The Treacherously, Tediously Slow Japanese Indigo Hexagon Quilt

 
 Mostly made from Goodwill men's dress shirts, it is a wannabe bed quilt.  IF (and that's a big if) I can carry on.  I figure it will take about a thousand of them to make a bed quilt.  Each hexagon has to be cut out of paper, pinned to a 3" (approximately) piece of fabric, basted on all six sides, then sewn one side at a time to another one.  So each hexagon has 6 sides which must be sewn to another hexagon's edge.  That's a lot of damn handsewing!!!!  It's meditative and relaxing, but slow as hell.  I do it when I don't need to think.  The Millefiore needs lots of concentration and designing and planning.  This one is just random.  It reminds me of a Scandinavian starry, cold winter night and Japanese boro (old field clothes that are worn and patched).  And that makes me happy!










 


Cut the templates (very carefully).  Hundreds and hundreds of templates!  Some people can reuse them, but I always end up messing them up so that they can't be used again.  It's a talent I seem to have perfected.
Then you pin them atop a square a bit bigger than the template.

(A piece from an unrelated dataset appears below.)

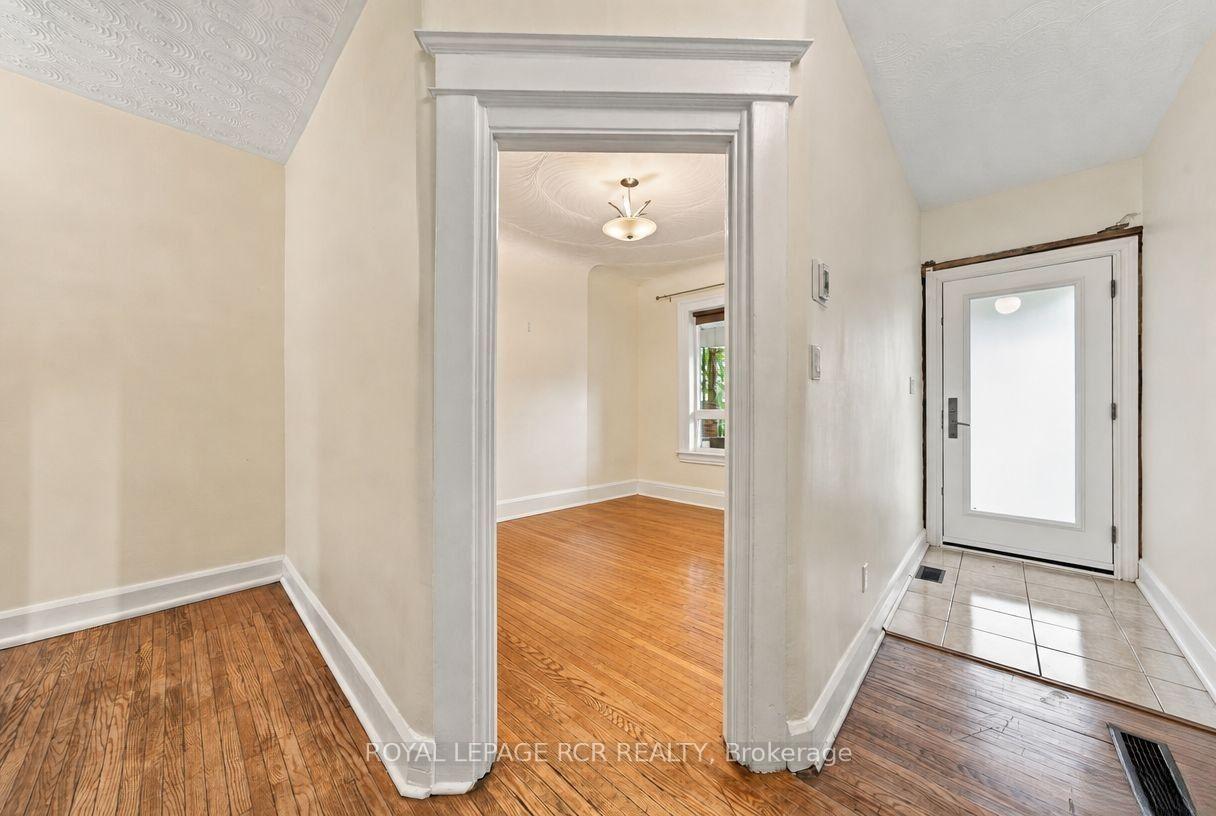 Photo 7 of 964 Shaw Street, Toronto, Dovercourt-Wallace Emerson-Junction — HOMEH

You fold the fabric down over the template and sew each side, sticking your needle through the paper and I always take a double stitch on the corner/points.

Then you take two pieces and sew the side together.  I sew them into lines/rows of 14 and then sew the lines/rows together
 






Once all sides have another edge sewn to it, I cut the basting thread and pull out the papers.I like the random look of it.  I'm only using blues and taupes/creams.

So I always have to have several things going at once or I get bored.